Twenty-year-old twin brothers Thomas Edward Hunter and Alexander John Hunter, both from the United Kingdom, have been running a sophisticated fraud scheme by relying on a so-called “stick picking robot” that allegedly knew how to identify penny stocks that would suddenly grow in value.
The US Securities and Exchange Commission (SEC) filed a complaint against the two, accusing them of running the elaborate plot ever since they were 16 of age.
During this time, it’s believed that they defrauded around 75,000 investors, mostly from the United States, from which they gained around $1.2 million (912,000 EUR), representing annual subscriptions.
Most of the victims paid a $47 (35 EUR) annual fee, but some also got fooled into purchasing the home version of the robot called “Marl,” a combination of the names of two fictitious investors, Michael Cohen and Carl Williamson.

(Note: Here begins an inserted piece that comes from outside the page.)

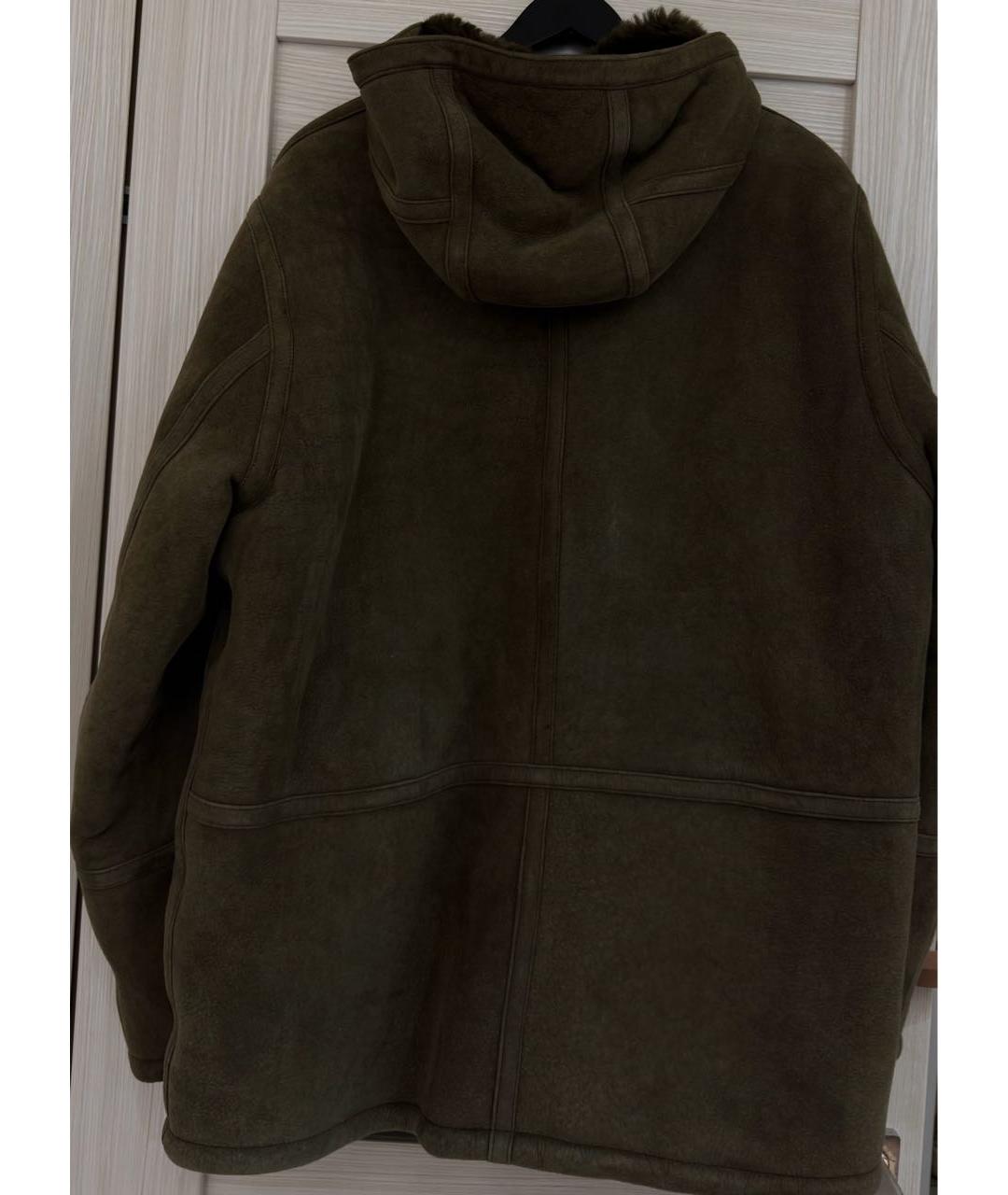 STONE ISLAND Хаки замшевая дубленка/шуба, фото 2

On the sites they used to advertise the miracle robot, doublingstocks.com and daytradingrobot.com, the defendants claimed that Marl was a highly complex piece of software that made predictions based on statistically driven analysis.

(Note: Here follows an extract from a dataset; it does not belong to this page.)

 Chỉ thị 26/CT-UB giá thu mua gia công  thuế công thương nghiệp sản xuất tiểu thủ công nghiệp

To make everything even more legitimate-looking, the suspects claimed that one of the investors, Cohen, was the one that developed the Global Alpha computer stock trading model for Goldman Sachs.
“The defendants' claims about the Marl newsletter and software were untrue. In truth, the newsletters and software sold by the defendants neither contained nor performed any real analysis of securities or their trading patterns. The stocks ‘recommended’ by the newsletters and software were simply those that promoters had paid the defendants to tout,” the complaint reads.
A simple search via Google shows that a lot of people were questioning the service’s legitimacy, but there were also a lot of individuals who got scammed.
Remember! If it sounds too good to be true, it probably is.